Among the various methods which have been adopted in different ages, the more prominent are the three following:

1. To form a new definition of parallel lines.

2. To assume a new axiom, more obvious than that of Euclid, respecting parallels.

3. To adopt a course of reasoning founded on the definition of parallels and the properties of other lines already demonstrated, and thus avoid the necessity of a new axiom.

Euclid's axiom alluded to is this:

"If a straight line meet two other straight lines, so as to make the two interior angles on the same side of it taken together less than two right-angles, these straight lines being continually produced, will at length meet on the side on which the angles are, that are less than two right-angles.”
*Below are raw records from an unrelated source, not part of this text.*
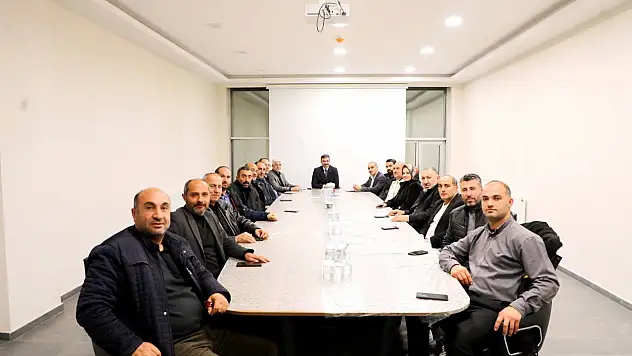 Bitlis'te Merkez Mahalle Muhtarlarıyla Değerlendirme Toplantısı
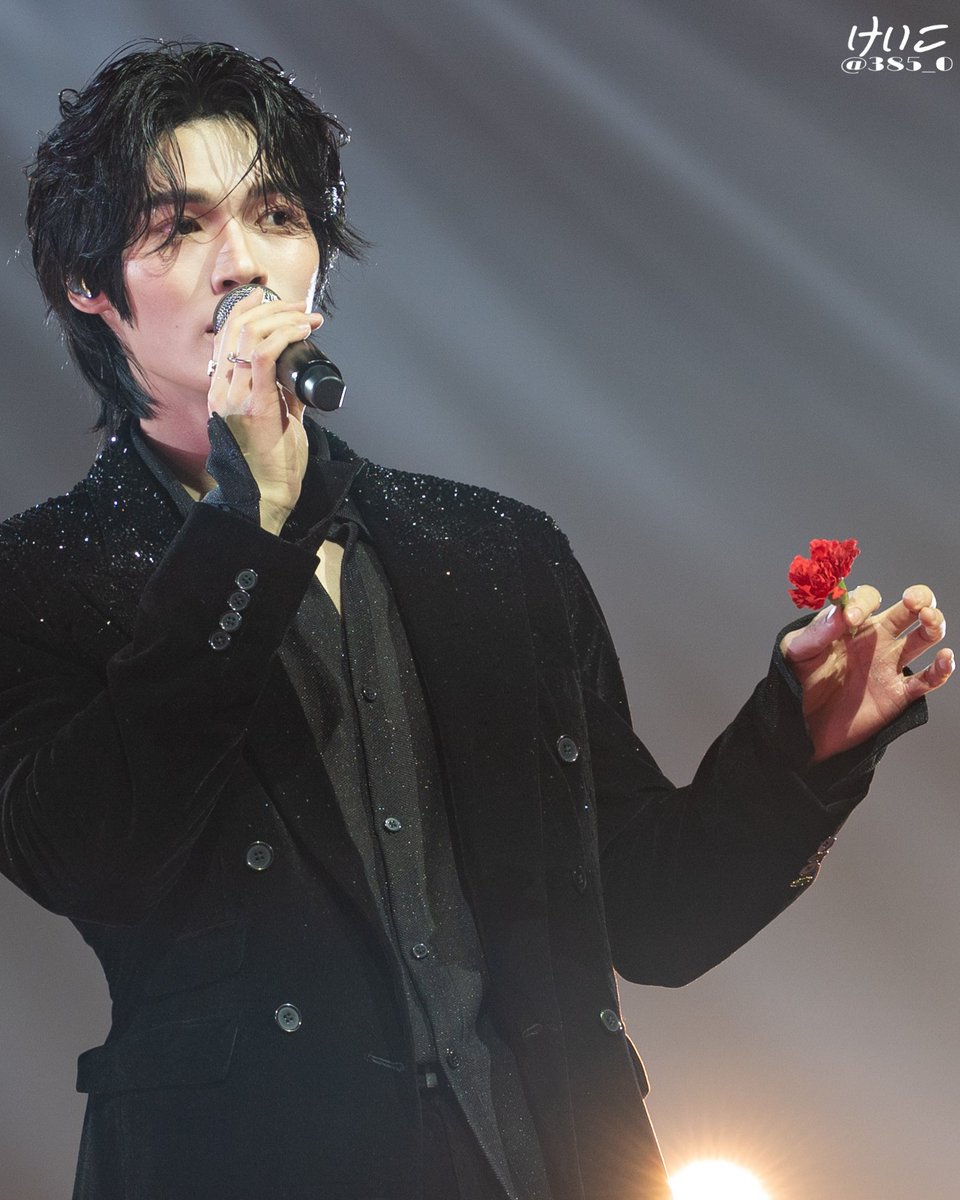 🌹

#RISERCONCERTD3 
#winmetawin️️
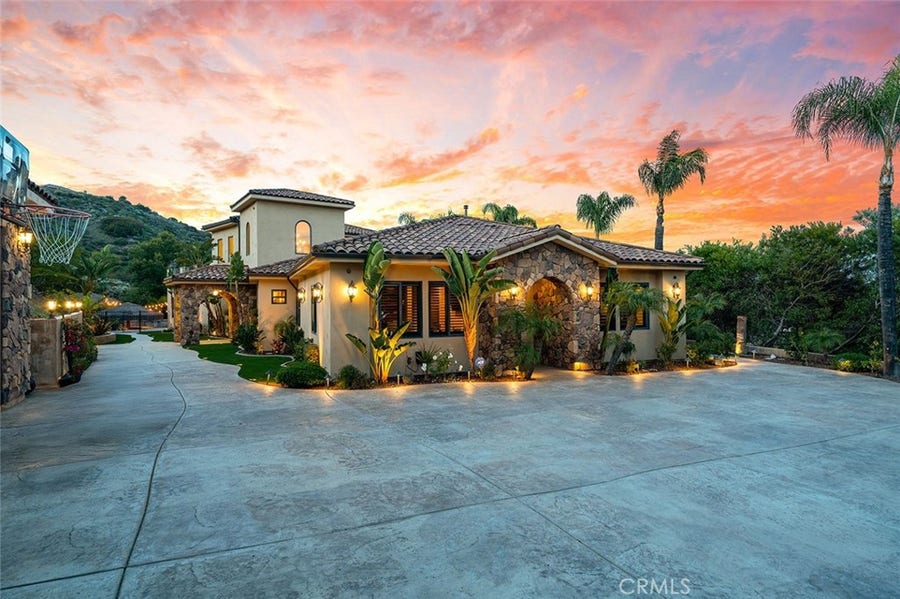 Property photo for 21128 Via Los Laureles, Murrieta, CA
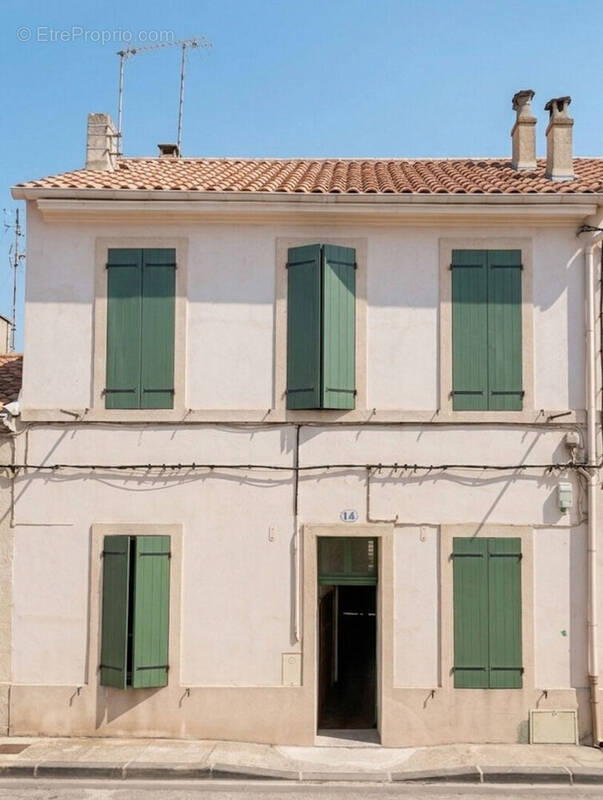 Appartement à MARSEILLE-4E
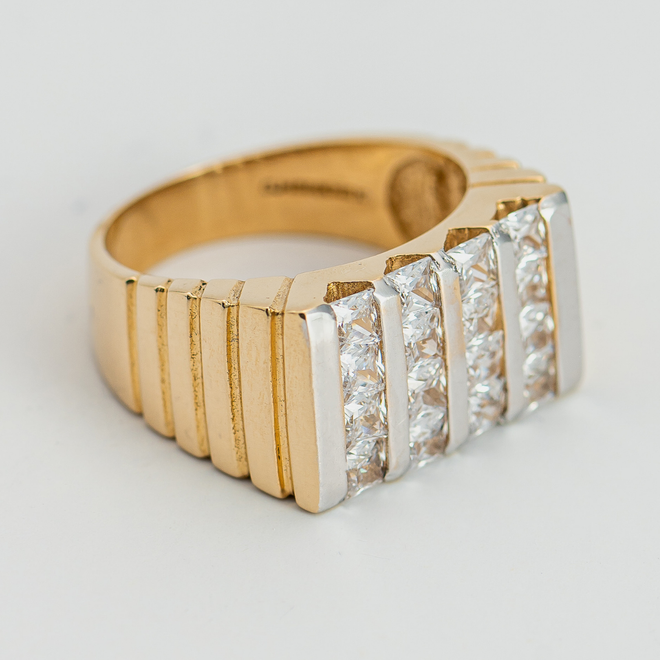 Anillo de Caballero rectangular . Medida 10 cm. Oro Amarillo 14K con circonia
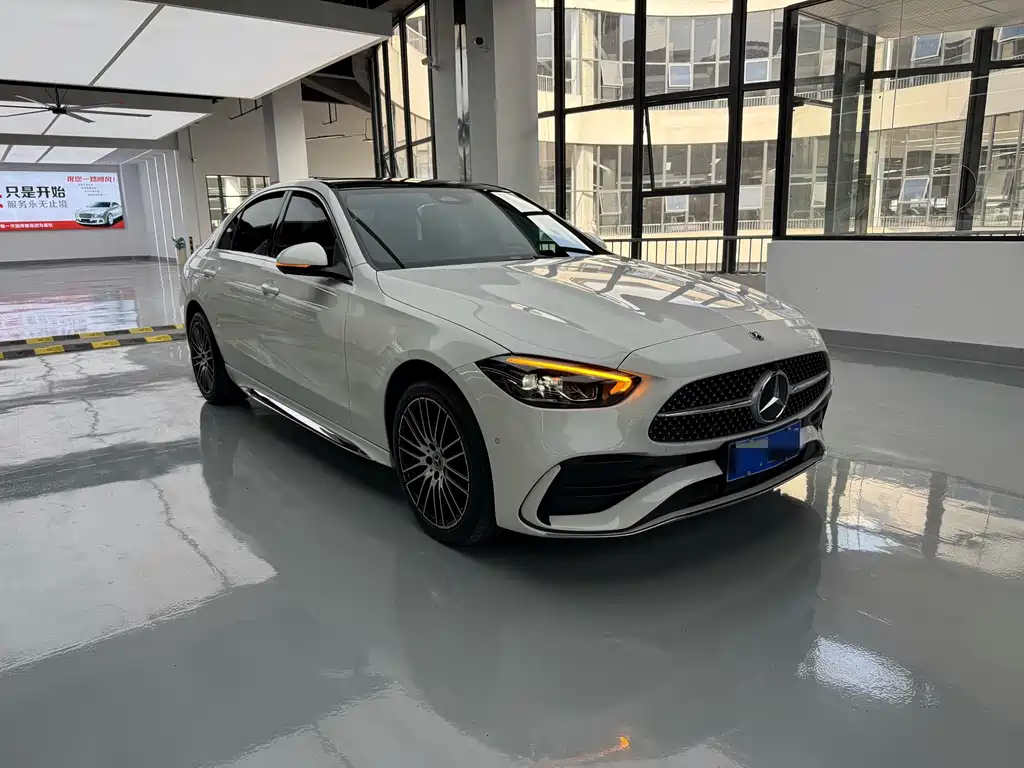 Mercedes-Benz C-Class — миниатюра 3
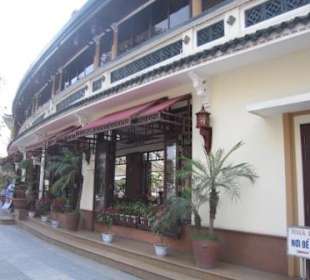 Restaurant bei Tage (Nahaufnahme)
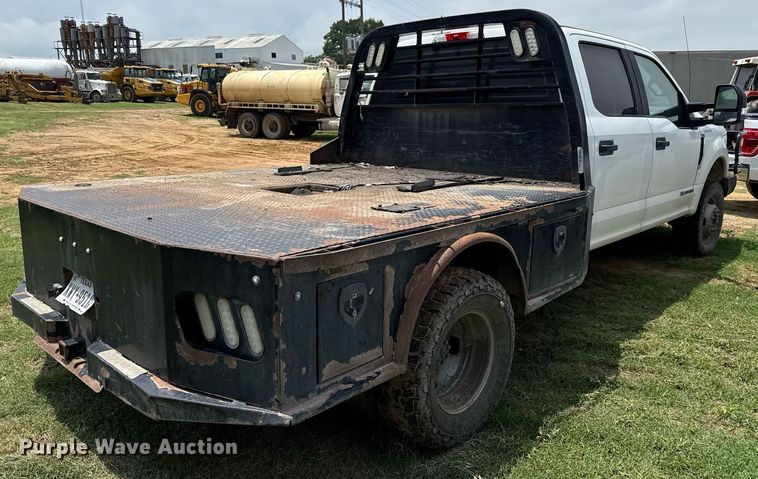 image for item ED5699 2017 Ford F350 Super Duty Crew Cab flatbed pickup truck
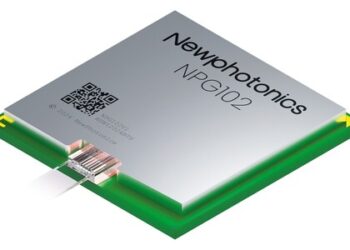 NPG102 PIC Transmitter on Chip של ניו פוטוניקס. צילום יחצ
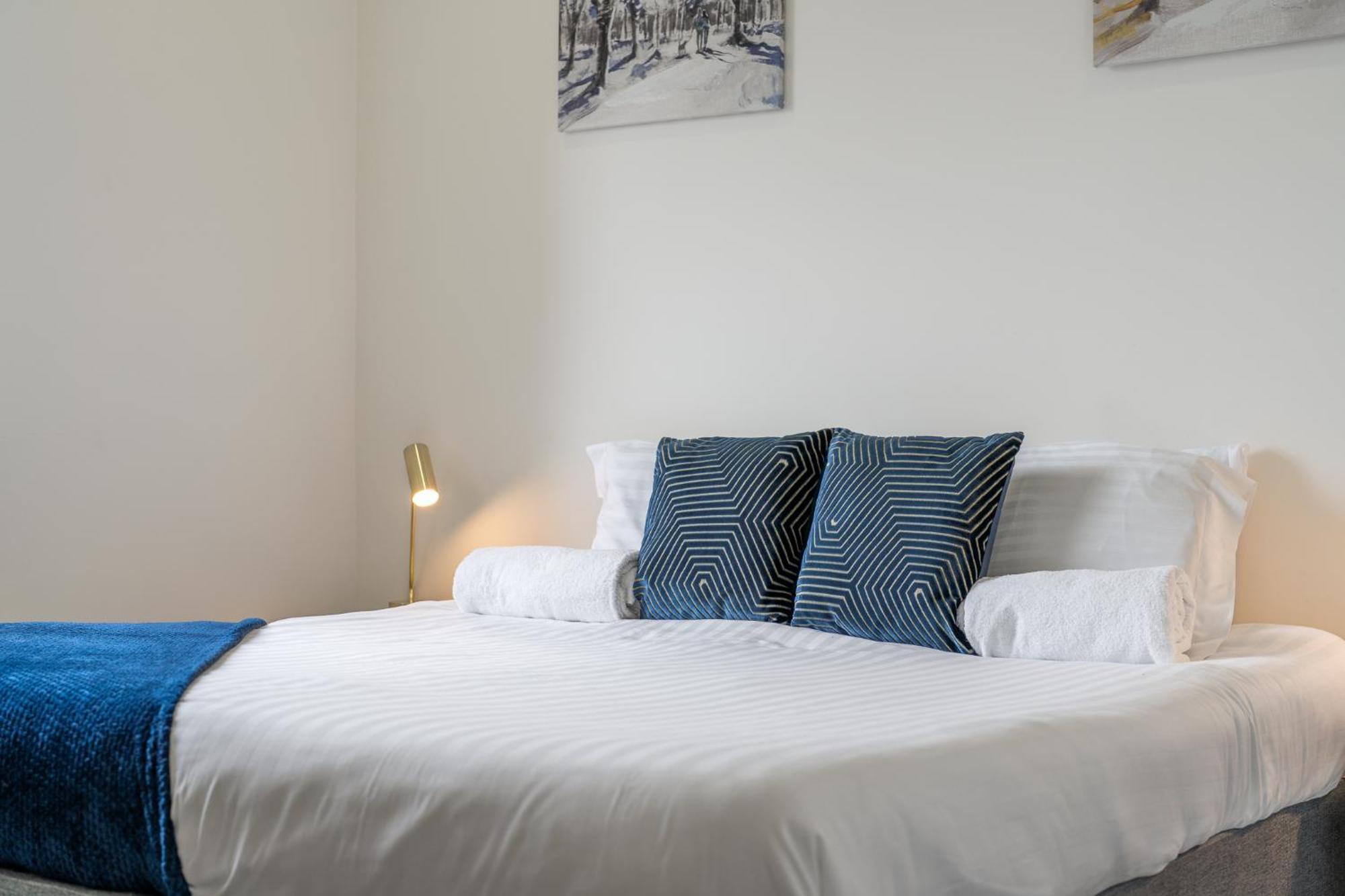Luxury 1 Bedroom Serviced Apartment With Roof Terrace & Gym スティーブネージ エクステリア 写真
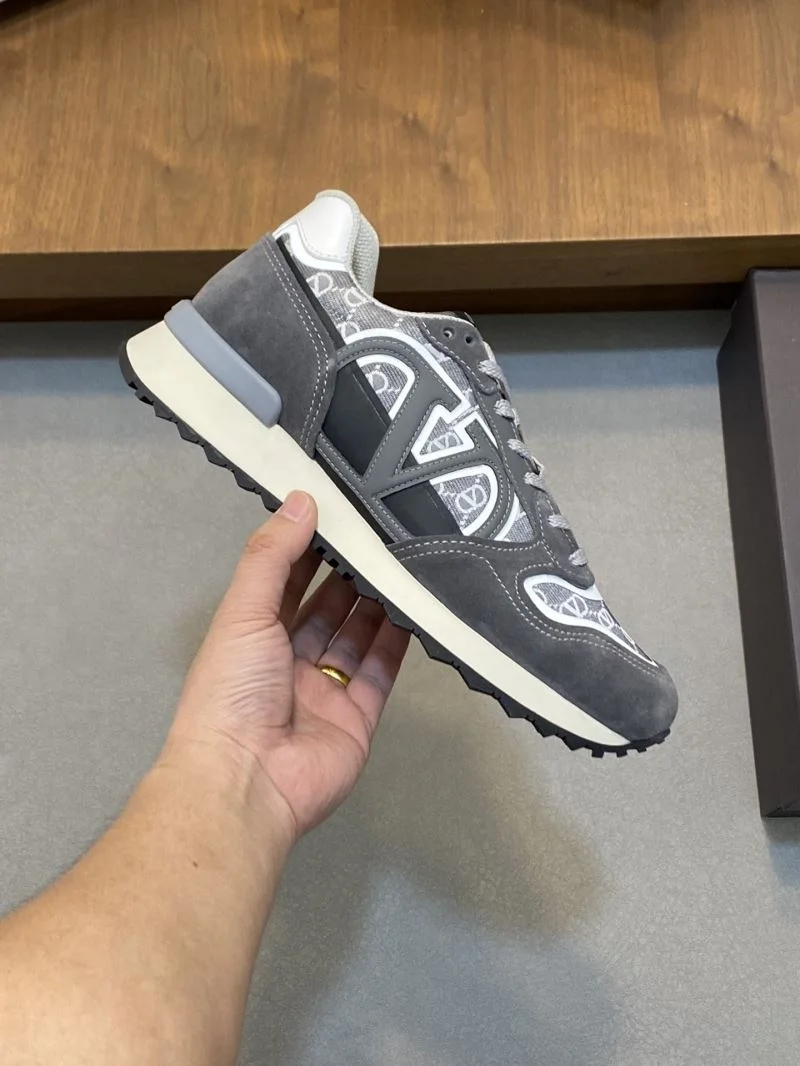 Packable Valentino Rockrunner Shoes 36884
The objection to this axiom is, that it assumes as self-evident, what in fact is not self-evident, but needs proof. Commentators upon Euclid's elements have very generally discarded it and introduced a new one. Clavius is said to have been the first who pur

sued this course.

With respect to the new axiom which has been substituted in its stead, that given by Ludlam seems to have met with the greatest favor. It is adopted by Playfair, and substantially by the Edinburgh Encyclopedia, &c. It is this:

"Two straight lines which intersect one another," (i. e. which are

drawn through the same point,)" cannot both be parallel to the same straight line."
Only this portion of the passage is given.